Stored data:
══════════════════════════════

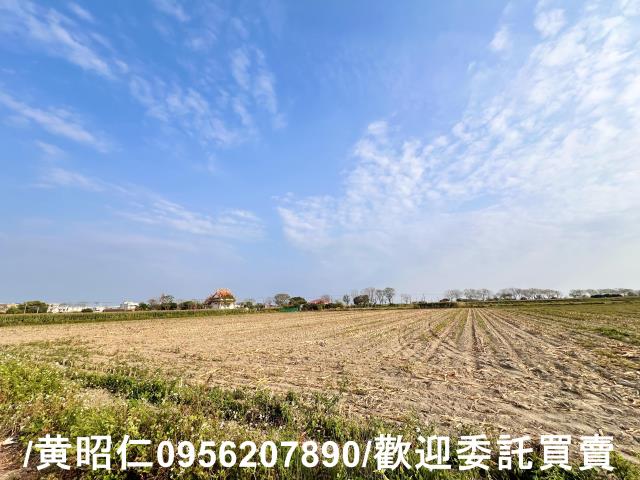 新營農地-3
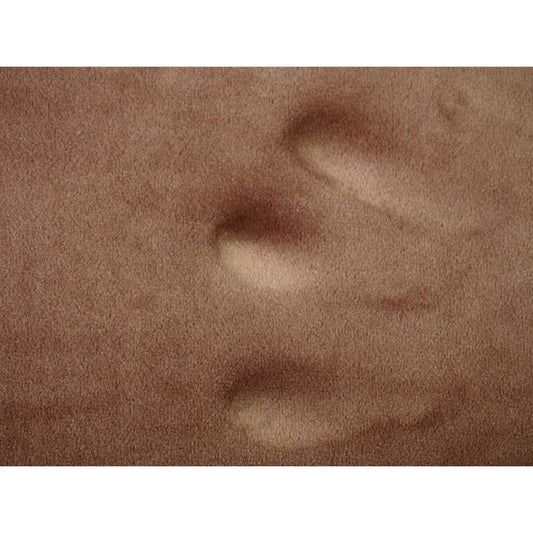 Hagiwara Rug Smooth Memory Foam Rug "Marshmallow" Brown Approx. 190X240 Non-Slip Process 240602834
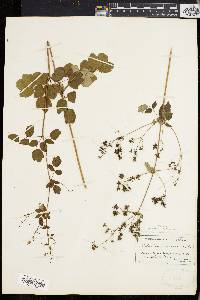 Thalictrum polygamum image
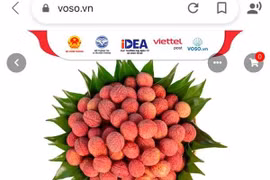 Chuyên gia “mách nước” để nông sản cạnh tranh trên sàn thương mại điện tử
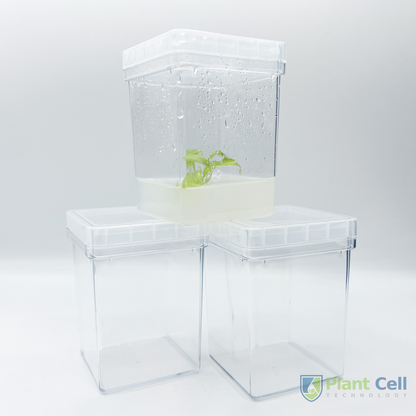 Stack of three PCT square vessels: top vessel contains a plant specimen embedded in agar, while the bottom two are empty.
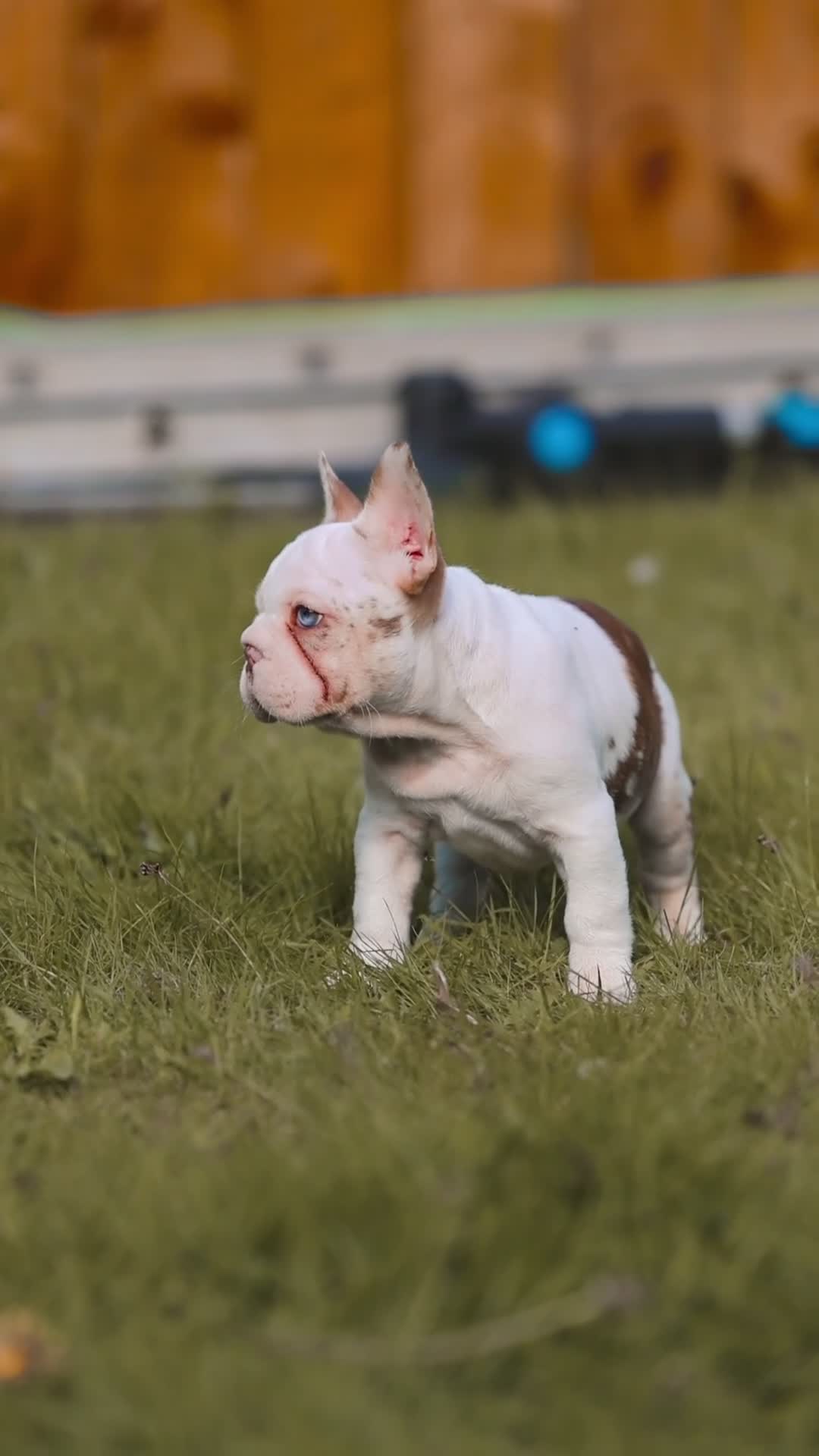 French Bulldog dogs for sale: QUALITY!! HEALTH CLEAR!! FRENCH BULLDOG PUPS!  in Durham - Video 3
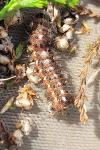 Acronicta rumicis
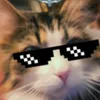 Anders avatar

══════════════════════════════

■ WORK INSTRUCTION
Copy out the entries exactly as they stand, omitting the images.

■ COMPLETED EXERCISE
 新營農地-3
 Hagiwara Rug Smooth Memory Foam Rug "Marshmallow" Brown Approx. 190X240 Non-Slip Process 240602834
 Thalictrum polygamum image
 Chuyên gia “mách nước” để nông sản cạnh tranh trên sàn thương mại điện tử
 Stack of three PCT square vessels: top vessel contains a plant specimen embedded in agar, while the bottom two are empty.
 French Bulldog dogs for sale: QUALITY!! HEALTH CLEAR!! FRENCH BULLDOG PUPS!  in Durham - Video 3
 Acronicta rumicis
 Anders avatar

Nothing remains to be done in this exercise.